Supplied data: Begin
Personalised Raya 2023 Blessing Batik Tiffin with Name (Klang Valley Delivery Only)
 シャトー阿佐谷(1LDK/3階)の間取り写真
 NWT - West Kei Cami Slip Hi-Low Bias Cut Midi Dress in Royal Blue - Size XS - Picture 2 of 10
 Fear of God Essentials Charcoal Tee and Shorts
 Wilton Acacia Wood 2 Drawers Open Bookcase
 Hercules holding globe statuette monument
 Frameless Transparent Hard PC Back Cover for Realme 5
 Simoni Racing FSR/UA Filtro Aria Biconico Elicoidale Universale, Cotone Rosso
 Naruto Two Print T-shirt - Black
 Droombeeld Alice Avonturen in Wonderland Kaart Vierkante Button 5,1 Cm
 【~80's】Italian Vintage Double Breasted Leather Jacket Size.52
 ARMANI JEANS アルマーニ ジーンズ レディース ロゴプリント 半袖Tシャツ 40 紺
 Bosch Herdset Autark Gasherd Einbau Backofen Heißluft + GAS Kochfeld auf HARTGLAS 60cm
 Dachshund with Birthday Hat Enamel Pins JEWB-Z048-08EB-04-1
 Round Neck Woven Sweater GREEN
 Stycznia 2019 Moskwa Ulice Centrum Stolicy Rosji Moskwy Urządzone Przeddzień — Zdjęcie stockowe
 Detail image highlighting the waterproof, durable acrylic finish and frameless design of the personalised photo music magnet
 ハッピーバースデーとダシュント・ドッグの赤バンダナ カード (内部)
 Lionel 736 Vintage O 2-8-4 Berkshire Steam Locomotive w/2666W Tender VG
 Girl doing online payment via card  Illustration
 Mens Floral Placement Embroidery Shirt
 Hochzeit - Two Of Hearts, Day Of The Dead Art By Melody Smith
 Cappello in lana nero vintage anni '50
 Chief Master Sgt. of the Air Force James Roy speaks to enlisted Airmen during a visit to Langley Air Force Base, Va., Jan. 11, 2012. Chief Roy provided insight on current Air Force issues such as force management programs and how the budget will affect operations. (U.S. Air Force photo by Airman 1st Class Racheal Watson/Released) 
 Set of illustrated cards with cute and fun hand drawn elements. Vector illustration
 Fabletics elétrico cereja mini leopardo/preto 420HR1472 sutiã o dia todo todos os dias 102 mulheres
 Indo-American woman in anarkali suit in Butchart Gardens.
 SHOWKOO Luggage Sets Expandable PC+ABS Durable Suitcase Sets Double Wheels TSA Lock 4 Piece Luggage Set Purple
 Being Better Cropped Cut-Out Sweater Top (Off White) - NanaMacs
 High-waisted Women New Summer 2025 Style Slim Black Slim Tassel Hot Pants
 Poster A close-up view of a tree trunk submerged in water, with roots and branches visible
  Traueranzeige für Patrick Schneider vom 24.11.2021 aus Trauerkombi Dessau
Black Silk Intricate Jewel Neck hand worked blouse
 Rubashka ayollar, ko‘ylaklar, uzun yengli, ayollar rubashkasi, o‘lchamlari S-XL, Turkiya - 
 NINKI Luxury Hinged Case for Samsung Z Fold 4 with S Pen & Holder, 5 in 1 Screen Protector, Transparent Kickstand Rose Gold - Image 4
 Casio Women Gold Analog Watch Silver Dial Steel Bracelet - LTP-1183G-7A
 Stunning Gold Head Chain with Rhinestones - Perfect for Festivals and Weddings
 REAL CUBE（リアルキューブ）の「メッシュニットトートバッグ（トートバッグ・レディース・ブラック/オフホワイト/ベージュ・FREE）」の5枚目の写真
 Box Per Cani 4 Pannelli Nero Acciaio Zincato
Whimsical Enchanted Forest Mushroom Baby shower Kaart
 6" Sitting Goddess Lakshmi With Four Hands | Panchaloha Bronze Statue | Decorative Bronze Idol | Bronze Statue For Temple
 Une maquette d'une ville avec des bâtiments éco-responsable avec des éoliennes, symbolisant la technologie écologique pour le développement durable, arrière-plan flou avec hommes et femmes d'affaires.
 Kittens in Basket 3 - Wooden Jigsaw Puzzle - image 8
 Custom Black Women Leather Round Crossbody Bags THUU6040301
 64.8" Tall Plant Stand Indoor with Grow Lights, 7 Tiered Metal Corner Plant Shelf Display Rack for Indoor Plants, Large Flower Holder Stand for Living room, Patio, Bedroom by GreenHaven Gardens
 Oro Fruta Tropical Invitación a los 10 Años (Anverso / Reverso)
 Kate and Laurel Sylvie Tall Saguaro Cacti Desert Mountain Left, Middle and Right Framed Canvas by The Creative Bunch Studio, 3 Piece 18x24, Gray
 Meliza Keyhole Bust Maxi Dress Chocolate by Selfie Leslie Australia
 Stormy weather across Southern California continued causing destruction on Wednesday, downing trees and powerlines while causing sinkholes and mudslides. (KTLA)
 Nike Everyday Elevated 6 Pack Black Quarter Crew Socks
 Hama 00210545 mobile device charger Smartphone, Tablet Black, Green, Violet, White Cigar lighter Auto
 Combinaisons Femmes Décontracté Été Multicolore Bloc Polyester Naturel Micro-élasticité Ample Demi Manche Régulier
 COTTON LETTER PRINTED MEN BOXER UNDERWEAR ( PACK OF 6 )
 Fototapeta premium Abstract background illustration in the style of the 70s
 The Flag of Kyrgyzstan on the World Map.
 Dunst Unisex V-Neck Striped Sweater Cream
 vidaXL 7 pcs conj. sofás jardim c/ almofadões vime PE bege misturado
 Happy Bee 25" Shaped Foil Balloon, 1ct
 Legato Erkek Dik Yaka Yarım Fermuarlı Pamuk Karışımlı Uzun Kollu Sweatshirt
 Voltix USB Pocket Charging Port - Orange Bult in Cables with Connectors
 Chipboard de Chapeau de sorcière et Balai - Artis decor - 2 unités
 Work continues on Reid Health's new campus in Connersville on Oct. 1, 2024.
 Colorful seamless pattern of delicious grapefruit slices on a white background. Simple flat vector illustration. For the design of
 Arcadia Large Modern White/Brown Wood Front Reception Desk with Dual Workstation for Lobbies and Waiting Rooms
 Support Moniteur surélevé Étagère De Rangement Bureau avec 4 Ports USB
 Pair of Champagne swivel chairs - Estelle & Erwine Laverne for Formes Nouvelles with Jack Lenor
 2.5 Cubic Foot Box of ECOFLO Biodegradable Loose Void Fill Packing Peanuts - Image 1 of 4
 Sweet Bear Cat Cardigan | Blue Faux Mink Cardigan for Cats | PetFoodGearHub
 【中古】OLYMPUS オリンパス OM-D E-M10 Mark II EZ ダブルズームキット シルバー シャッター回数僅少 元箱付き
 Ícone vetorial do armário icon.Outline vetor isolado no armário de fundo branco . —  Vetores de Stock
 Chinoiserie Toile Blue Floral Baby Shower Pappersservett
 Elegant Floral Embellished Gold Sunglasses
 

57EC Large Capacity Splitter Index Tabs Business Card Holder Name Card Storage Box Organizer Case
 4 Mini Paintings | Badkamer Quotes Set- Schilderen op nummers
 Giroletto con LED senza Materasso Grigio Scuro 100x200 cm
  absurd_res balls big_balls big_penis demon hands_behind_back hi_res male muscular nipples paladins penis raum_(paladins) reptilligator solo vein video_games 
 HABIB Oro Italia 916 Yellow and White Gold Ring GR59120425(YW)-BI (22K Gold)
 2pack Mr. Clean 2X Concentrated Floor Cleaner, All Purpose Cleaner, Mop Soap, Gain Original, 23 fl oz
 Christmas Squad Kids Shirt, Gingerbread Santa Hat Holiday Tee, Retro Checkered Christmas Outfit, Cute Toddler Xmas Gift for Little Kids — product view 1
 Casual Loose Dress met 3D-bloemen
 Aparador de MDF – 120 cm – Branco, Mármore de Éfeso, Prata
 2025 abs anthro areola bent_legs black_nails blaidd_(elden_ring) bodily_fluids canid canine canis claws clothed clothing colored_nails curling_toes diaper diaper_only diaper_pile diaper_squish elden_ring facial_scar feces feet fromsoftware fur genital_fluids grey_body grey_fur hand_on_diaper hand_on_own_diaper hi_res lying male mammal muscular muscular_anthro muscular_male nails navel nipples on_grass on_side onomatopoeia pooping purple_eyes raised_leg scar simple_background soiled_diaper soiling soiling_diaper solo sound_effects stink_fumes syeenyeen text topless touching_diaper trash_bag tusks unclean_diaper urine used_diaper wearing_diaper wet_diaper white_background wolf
Supplied data: End
Your answer should be the lines above, from the line containing "NINKI Luxury Hinged" up to and including the line containing "Voltix USB Pocket", reproduced exactly and with nothing else.

 NINKI Luxury Hinged Case for Samsung Z Fold 4 with S Pen & Holder, 5 in 1 Screen Protector, Transparent Kickstand Rose Gold - Image 4
 Casio Women Gold Analog Watch Silver Dial Steel Bracelet - LTP-1183G-7A
 Stunning Gold Head Chain with Rhinestones - Perfect for Festivals and Weddings
 REAL CUBE（リアルキューブ）の「メッシュニットトートバッグ（トートバッグ・レディース・ブラック/オフホワイト/ベージュ・FREE）」の5枚目の写真
 Box Per Cani 4 Pannelli Nero Acciaio Zincato
Whimsical Enchanted Forest Mushroom Baby shower Kaart
 6" Sitting Goddess Lakshmi With Four Hands | Panchaloha Bronze Statue | Decorative Bronze Idol | Bronze Statue For Temple
 Une maquette d'une ville avec des bâtiments éco-responsable avec des éoliennes, symbolisant la technologie écologique pour le développement durable, arrière-plan flou avec hommes et femmes d'affaires.
 Kittens in Basket 3 - Wooden Jigsaw Puzzle - image 8
 Custom Black Women Leather Round Crossbody Bags THUU6040301
 64.8" Tall Plant Stand Indoor with Grow Lights, 7 Tiered Metal Corner Plant Shelf Display Rack for Indoor Plants, Large Flower Holder Stand for Living room, Patio, Bedroom by GreenHaven Gardens
 Oro Fruta Tropical Invitación a los 10 Años (Anverso / Reverso)
 Kate and Laurel Sylvie Tall Saguaro Cacti Desert Mountain Left, Middle and Right Framed Canvas by The Creative Bunch Studio, 3 Piece 18x24, Gray
 Meliza Keyhole Bust Maxi Dress Chocolate by Selfie Leslie Australia
 Stormy weather across Southern California continued causing destruction on Wednesday, downing trees and powerlines while causing sinkholes and mudslides. (KTLA)
 Nike Everyday Elevated 6 Pack Black Quarter Crew Socks
 Hama 00210545 mobile device charger Smartphone, Tablet Black, Green, Violet, White Cigar lighter Auto
 Combinaisons Femmes Décontracté Été Multicolore Bloc Polyester Naturel Micro-élasticité Ample Demi Manche Régulier
 COTTON LETTER PRINTED MEN BOXER UNDERWEAR ( PACK OF 6 )
 Fototapeta premium Abstract background illustration in the style of the 70s
 The Flag of Kyrgyzstan on the World Map.
 Dunst Unisex V-Neck Striped Sweater Cream
 vidaXL 7 pcs conj. sofás jardim c/ almofadões vime PE bege misturado
 Happy Bee 25" Shaped Foil Balloon, 1ct
 Legato Erkek Dik Yaka Yarım Fermuarlı Pamuk Karışımlı Uzun Kollu Sweatshirt
 Voltix USB Pocket Charging Port - Orange Bult in Cables with Connectors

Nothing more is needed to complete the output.